Was I being a bit bonkers? It’s not entirely unknown for my bright ideas to wither in the harsh light of day, so I emailed a few colleagues and practitioners for their thoughts. They all said YES!!! and started to knock my basic idea into shape. Fleur Parker added in the notion of craftivism and Karen Hall came up with the title – Knitting NCT Together. Val Willcox and Anne Kent-Taylor bravely volunteered to learn to crochet (and be filmed doing so). Knitting NCT Together is still very much a work in progress, with us all adding bits as we go along, so do keep checking this blog for more news.
Lovely idea – but I don’t know how to knit or crochet…
Believe me, I am not a crafty person. I’ve no particular skill when it comes to drawing and painting, or any of the other hands on activities we were introduced to at school.
I come from a family of knitters, with my Nanna and two aunties clacking away on their needles throughout my childhood, and knitting was also taught in school. But despite loving knitted items I never felt that love for the actual craft – too fiddly, what with two needles, the faff of dropped stitches and the exasperations of tension.
My mother preferred sewing to knitting and laboured over her machine creating outfits for myself and my sister, until we rebelled and insisted on shop bought items as we moved into our teens. I do possess a sewing machine and a fabric stash, due to a few gloriously tactile years spent working at the fabulous Fabworks Mill Shop. However, actually getting round to bringing machine and fabric together rarely happens due to the need to clear space in my cluttered home. Plus, I have to admit, there’s still an element of rebelling against things Mum wanted me to be interested in!

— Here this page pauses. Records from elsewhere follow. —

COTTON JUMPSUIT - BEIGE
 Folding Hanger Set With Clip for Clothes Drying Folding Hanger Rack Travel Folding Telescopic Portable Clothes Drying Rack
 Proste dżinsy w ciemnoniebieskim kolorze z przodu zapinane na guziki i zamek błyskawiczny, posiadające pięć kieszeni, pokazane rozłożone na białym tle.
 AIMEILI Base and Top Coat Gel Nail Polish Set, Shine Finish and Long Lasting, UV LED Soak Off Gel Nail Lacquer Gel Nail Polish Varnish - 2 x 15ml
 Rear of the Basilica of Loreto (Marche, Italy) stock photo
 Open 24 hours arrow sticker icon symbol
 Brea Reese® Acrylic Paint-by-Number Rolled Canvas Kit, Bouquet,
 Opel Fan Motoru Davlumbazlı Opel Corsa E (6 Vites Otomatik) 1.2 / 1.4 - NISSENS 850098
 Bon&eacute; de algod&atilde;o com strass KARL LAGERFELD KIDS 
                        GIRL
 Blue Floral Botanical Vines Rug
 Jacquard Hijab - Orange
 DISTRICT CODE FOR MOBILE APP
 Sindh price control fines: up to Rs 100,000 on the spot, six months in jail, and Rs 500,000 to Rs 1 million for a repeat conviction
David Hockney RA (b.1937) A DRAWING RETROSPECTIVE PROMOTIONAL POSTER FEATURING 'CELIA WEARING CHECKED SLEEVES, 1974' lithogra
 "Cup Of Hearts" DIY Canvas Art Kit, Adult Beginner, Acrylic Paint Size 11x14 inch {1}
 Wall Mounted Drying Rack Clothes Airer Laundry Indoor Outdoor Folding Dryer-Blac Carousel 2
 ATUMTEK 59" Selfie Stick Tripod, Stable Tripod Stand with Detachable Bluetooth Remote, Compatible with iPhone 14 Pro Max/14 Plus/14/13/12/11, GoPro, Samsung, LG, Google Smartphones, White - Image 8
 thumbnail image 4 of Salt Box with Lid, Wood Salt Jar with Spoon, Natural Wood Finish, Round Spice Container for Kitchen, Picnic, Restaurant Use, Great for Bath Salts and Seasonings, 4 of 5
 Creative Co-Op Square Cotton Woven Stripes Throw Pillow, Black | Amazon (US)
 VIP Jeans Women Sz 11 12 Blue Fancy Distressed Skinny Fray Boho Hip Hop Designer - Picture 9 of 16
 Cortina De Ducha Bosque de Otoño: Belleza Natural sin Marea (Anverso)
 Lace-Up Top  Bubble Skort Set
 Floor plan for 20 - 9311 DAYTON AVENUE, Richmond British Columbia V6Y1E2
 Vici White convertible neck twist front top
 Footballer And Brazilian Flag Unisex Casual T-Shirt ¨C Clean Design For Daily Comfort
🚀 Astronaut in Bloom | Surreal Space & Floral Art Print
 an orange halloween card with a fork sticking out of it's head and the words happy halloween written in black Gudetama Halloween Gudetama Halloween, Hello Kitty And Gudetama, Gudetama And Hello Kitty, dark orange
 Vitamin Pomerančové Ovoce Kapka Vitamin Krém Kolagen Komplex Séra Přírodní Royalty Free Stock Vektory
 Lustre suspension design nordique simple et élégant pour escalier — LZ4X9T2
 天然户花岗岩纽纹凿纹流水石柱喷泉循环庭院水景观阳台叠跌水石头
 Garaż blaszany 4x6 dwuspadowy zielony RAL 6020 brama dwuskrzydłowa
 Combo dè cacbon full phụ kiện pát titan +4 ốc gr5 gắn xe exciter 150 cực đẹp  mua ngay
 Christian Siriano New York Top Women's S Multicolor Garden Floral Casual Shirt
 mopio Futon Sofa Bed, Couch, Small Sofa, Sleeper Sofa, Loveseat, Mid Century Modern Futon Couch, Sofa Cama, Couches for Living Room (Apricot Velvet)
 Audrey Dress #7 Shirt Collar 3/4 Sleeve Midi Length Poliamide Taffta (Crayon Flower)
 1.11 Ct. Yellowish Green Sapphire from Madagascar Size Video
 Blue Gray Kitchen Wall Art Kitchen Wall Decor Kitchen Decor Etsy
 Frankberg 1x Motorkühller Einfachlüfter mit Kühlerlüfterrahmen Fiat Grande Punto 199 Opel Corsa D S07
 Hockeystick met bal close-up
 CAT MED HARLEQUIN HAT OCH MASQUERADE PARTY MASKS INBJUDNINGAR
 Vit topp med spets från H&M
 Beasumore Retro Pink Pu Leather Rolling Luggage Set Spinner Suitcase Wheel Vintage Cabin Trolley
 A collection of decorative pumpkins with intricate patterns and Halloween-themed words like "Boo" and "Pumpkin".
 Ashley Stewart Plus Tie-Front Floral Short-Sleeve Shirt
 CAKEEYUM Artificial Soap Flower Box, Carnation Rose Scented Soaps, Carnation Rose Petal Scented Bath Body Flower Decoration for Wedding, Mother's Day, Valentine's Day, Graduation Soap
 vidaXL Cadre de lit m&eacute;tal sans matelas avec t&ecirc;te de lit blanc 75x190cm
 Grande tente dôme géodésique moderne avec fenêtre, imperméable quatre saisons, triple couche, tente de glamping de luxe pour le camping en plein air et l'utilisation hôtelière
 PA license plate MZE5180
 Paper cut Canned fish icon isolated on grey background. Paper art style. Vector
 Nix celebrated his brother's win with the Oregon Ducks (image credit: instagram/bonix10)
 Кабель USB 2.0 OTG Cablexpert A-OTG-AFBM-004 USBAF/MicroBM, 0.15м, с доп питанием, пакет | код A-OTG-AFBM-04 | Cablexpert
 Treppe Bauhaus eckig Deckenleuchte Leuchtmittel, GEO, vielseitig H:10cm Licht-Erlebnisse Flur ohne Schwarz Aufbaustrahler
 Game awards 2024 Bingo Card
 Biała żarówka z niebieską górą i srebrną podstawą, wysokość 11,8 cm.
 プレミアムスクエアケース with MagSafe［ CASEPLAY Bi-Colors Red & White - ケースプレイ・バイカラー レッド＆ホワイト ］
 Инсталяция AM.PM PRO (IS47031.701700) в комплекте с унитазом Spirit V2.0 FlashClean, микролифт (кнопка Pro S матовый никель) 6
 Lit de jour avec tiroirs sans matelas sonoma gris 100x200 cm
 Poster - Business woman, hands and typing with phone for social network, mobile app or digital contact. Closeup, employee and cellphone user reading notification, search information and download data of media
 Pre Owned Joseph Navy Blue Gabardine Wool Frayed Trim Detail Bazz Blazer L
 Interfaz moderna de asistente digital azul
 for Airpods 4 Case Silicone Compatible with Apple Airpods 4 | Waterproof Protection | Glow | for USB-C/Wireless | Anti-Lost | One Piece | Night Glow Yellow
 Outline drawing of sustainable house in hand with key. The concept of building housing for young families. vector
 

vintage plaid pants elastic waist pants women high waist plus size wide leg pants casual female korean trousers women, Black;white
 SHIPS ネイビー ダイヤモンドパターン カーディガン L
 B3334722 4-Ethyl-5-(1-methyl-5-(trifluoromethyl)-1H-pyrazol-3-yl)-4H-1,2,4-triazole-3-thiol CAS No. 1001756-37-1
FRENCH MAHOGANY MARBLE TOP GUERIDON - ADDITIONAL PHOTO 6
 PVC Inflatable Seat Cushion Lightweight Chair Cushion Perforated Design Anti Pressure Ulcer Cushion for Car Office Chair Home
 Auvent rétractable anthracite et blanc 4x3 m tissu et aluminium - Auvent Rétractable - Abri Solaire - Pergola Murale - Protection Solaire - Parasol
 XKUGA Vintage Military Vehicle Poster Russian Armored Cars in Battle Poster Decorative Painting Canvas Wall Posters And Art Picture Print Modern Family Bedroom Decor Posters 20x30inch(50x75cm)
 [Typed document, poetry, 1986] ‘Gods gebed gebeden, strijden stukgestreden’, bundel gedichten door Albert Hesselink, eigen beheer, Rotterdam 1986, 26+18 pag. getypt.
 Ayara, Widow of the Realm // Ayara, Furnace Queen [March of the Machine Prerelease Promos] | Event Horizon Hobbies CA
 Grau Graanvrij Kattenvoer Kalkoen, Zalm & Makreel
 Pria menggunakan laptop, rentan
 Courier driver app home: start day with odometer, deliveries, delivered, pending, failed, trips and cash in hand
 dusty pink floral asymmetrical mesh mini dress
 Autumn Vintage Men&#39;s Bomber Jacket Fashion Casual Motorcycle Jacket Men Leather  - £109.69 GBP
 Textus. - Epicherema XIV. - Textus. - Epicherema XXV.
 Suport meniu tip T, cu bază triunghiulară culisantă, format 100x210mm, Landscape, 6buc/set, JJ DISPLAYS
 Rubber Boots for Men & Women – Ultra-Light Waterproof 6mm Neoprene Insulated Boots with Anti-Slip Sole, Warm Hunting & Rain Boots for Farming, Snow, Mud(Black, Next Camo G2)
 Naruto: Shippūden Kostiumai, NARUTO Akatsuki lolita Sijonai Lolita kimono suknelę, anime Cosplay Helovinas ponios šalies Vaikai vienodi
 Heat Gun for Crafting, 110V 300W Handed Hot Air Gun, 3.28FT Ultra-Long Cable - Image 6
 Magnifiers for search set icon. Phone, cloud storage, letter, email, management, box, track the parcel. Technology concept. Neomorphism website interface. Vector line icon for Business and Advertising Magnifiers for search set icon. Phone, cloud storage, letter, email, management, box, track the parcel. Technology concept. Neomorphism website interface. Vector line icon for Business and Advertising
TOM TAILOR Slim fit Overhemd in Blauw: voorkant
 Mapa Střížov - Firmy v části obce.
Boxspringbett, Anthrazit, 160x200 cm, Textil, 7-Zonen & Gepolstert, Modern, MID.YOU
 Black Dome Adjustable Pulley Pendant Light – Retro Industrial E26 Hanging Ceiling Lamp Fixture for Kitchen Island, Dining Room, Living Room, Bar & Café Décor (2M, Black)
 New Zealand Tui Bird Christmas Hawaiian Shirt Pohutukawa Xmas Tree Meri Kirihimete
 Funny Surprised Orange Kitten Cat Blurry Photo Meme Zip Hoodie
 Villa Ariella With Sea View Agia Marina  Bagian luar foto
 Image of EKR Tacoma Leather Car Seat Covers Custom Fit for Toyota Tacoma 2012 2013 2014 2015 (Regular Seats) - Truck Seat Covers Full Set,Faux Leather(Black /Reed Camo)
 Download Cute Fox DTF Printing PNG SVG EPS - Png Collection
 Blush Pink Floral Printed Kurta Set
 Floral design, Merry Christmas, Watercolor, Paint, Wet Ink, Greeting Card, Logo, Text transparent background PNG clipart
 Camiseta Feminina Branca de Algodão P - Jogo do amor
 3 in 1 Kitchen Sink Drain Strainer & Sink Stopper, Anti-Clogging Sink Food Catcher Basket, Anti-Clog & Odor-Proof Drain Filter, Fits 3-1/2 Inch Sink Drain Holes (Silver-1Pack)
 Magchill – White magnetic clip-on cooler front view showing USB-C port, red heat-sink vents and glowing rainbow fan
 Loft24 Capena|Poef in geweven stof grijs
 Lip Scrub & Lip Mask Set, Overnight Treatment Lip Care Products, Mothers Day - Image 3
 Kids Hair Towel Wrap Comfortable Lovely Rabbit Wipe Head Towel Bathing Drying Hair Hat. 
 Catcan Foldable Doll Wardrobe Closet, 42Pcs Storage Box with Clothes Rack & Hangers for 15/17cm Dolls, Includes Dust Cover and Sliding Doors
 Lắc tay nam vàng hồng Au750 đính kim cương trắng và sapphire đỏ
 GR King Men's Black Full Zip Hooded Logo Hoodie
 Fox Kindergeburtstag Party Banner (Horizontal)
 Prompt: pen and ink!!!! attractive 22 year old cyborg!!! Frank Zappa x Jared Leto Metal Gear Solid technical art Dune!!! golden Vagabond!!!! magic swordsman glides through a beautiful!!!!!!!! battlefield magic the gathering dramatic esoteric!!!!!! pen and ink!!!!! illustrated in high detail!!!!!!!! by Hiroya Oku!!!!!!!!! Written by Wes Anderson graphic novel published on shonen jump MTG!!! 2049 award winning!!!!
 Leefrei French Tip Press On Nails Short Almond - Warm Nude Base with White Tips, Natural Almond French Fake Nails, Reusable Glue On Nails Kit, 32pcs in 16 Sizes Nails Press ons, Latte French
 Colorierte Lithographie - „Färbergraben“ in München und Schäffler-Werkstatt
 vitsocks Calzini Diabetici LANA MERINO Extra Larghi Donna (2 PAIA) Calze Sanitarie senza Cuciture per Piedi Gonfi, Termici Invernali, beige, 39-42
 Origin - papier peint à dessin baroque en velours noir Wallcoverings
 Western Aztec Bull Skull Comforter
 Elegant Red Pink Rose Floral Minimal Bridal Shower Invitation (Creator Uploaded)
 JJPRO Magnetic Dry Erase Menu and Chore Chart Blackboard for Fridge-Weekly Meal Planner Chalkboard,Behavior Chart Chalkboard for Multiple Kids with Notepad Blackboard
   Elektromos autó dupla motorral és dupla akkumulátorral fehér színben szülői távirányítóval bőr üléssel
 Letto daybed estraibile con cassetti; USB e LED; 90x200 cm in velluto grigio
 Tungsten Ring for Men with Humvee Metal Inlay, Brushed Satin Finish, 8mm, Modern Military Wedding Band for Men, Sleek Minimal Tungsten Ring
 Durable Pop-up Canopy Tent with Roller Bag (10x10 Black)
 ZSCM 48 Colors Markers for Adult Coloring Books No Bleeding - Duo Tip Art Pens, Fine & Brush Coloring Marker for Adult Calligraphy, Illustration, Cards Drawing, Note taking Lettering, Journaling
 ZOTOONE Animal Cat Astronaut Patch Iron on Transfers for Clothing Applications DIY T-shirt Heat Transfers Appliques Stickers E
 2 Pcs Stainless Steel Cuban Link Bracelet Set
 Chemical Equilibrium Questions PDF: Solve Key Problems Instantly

Basically, for most of my life I’d rather be outside (preferably with a horse) or inside reading a book.
However, in the year of my 40th birthday I went on a short holiday to the US to meet a group of online friends who love reading (and writing). It turned out that many of them also loved knitting and crochet and would work away with yarn as we sat around chatting. I was intrigued enough that one of them gave me a crochet hook and a ball of yarn and talked me through the basics.
I came home with a rather lumpy scarf (above) and a newfound appreciation for hands-on hobbies, particularly those where there’s just one hook, a ball of yarn and no worries about dropped stitches. I then came across a book called The Happy Hooker which gives brilliantly clear explanations and patterns, and I was well and truly hooked (pun intended). My yarn stash has been growing steadily ever since, along with my collection of scarves (a much more accomplished example is below) and the baby blankets I’ve made for a few friends.
Bearing my experience in mind, we’re hoping to get together a network of more experienced crocheters and knitters who will run face-to-face demos, either at existing events or through organising #NCTyarns get togethers. That way, those of you who are new starters or not very confident can get instant answers to your queries. Plus, we’re making 10cm squares and they really don’t take very long.
If you’d like to be one of those organisers simply let us know at email@example.com. It shouldn’t involve any major outlay on your part – many squares can be made from just one ball of yarn, and the dk acrylics we’re using usually cost around £2 per ball. Encourage people coming along to buy or borrow crochet hooks or knitting needles. Metal hooks and needles are quite cheap from yarn shops, and you can sometimes find them at charity shops (ask staff, they are often kept by the counter).
We plan to publish the dates and times of any #NCTyarns events and gatherings on this blog.